In this 3-part series, IMVU senior engineer Bill Welden describes the means and technology behind IMVU’s web services.

Part 3: Documents and Links

In the previous entry in this series I described how IMVU uses a structured network model to implement the uniform contract for our REST services and showed how they might apply to a set of services for a hypothetical high school scheduling system.

Engblog1102-01

Under this model we have Node Groups (represented by the different colors of circles in this diagram), Nodes (the circles themselves), Edge Groups (the rounded boxes hanging off of the circles) and Edges (the lines connecting the circles).

We model these various notions using HTTP documents linked together with URLs. There are four kinds of documents, corresponding to each of the four concepts.

A Node Group determines the properties and relationships of the Nodes, and the corresponding Node Group Document contains a list of URLs, each locating a Node.

A Node, through its properties and relationships, is the basic repository of information in the network. The Node Group Document contains the values of the Node’s properties, as well as a list of URLs, each locating an Edge Group.

An Edge Group groups together all of the links that go to a particular type of Node. The corresponding  Edge Group Document, specific to a Node, contains a list of URLs, each locating an Edge within that group.

An Edge is a link from its Node to another Node, usually of a different class. Edges can also contain properties, as we saw last time. An Edge Document therefore contains a URL for the Node at the other end of the Edge, as well as the values of any properties of the Edge.

Each type of document has a distinctive URL.

The URL for a Node Group Document consists of a single path segment, a singular noun describing the Node Group:

https://api.imvu.com/course

The URL for a Node consists of two path segments: the Node Group URL extended by a segment consisting of a unique identifier for the Node. The Node identifier can be any string, but we encourage the use of Node Identifiers which contain the name of the Node Group:

https://api.imvu.com/course/course-1035

The URL for an Edge Group consists of three segments: the Node URL extended either by a plural noun naming the Node Group that the Edge Group points off to, or by a noun describing the relationship created by the Edge Group:

https://api.imvu.com/course/course-1035/teachers
https://api.imvu.com/course/course-1035/roster

The URL for an Edge consists of four segments: the Edge Group URL extended by an identifier for the Edge. This identifier need only be unique within the Edge Group. Sometimes (for convenience) it is identical to the unique identifier of the Node that the Edge points to, but this is not required:

https://api.imvu.com/course/course-1035/teachers/1
https://api.imvu.com/course/course-1035/roster/student-5331

These URL formats are a constraint on the service design – a strong suggestion but not a strict requirement.
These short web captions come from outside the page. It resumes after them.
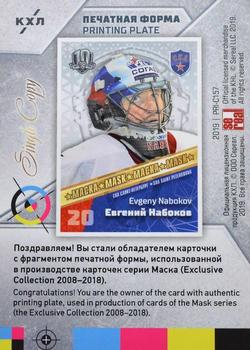 2019 Sereal KHL Exclusive Collection 2008-2018 part 2 - Printing Plate Cyan #PRI-C157 Evgeny Nabokov Back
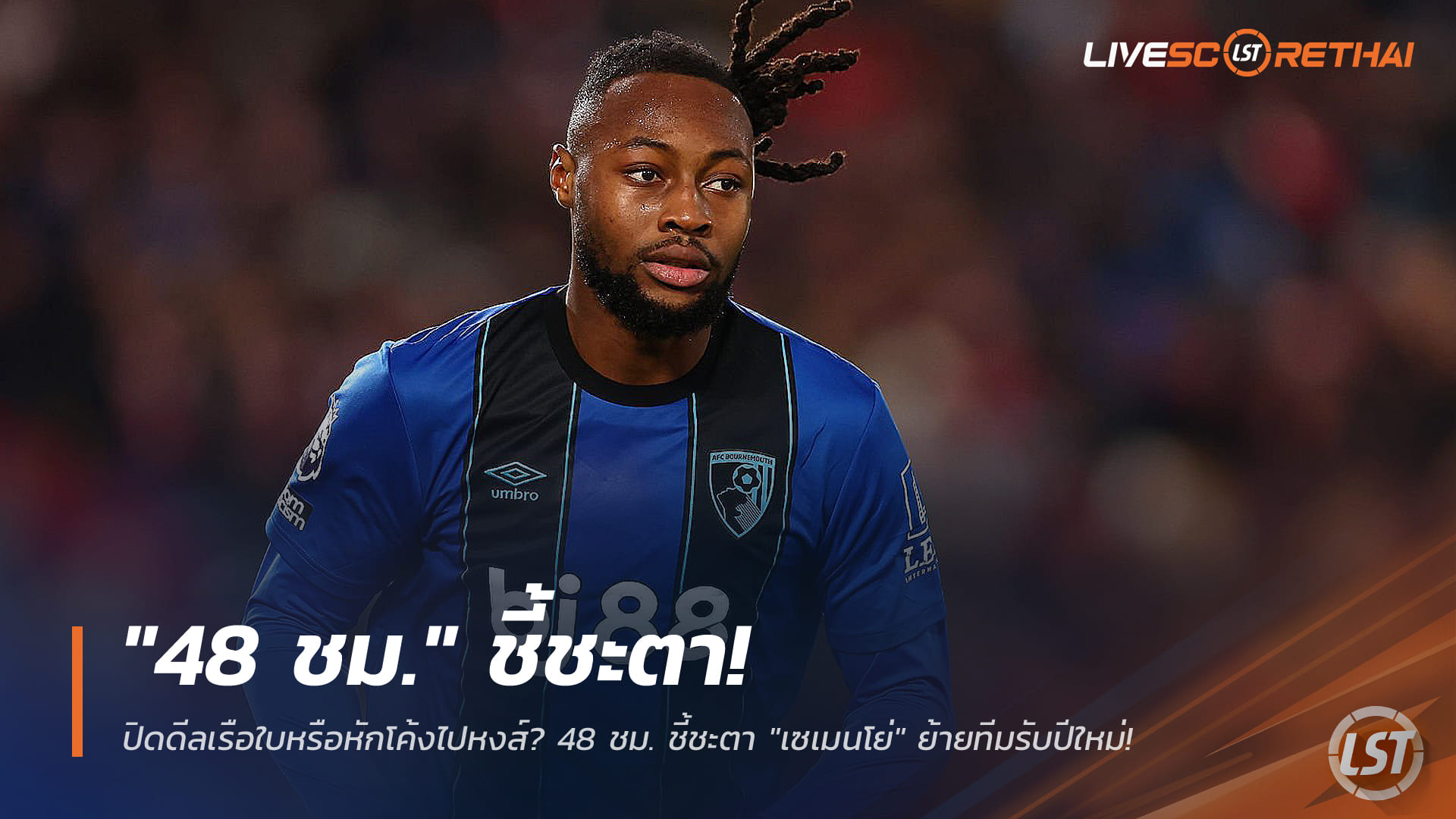 ข่าวฟุตบอล วันจันทร์ ที่ 29 ธันวาคม 2568 : ปิดดีลเรือใบหรือหักโค้งไปหงส์? 48 ชม. ชี้ชะตา "เซเมนโย่" ย้ายทีมรับปีใหม่!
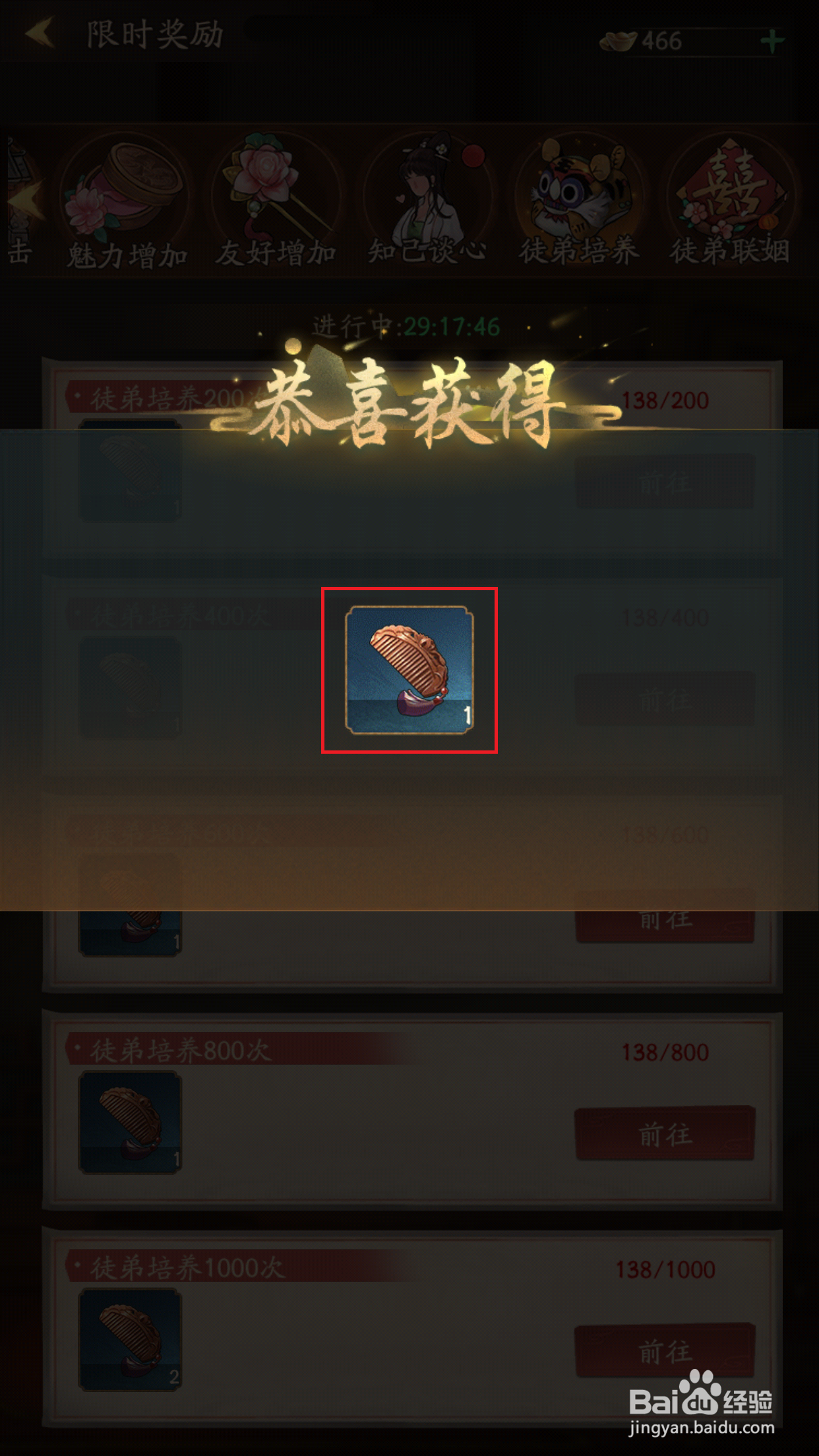 叫我大掌柜如何领取徒弟培养奖励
Note especially that, according to the principle of HATEOAS (Hypertext As The Engine Of Application State), the client cannot depend on any specific format, and is not allowed to construct these URLs or attempt to extract information from them. All URLs required by the client must be obtained whole, as opaque strings, from the response to an earlier service request.

Specifically, URLs returned from the server must be fully qualified, including the protocol and server name (“https://api.imvu.com”). However, in our own internal discussions and here in this presentation, we will often leave off the protocol and server name for clarity. So:

/course
/course/course-1035
/course-1035/teachers

and so forth. Wherever one of these relative URLs appears in the discussion below, the actual implementation will return a fully qualified version.

One of the biggest differences between REST services and the earlier Remote Procedure Call style is that RPC APIs define as many verbs as required by or convenient for implementation of the application. Designing RPC services is primarily about designing new verbs and specifying their parameters and their semantics.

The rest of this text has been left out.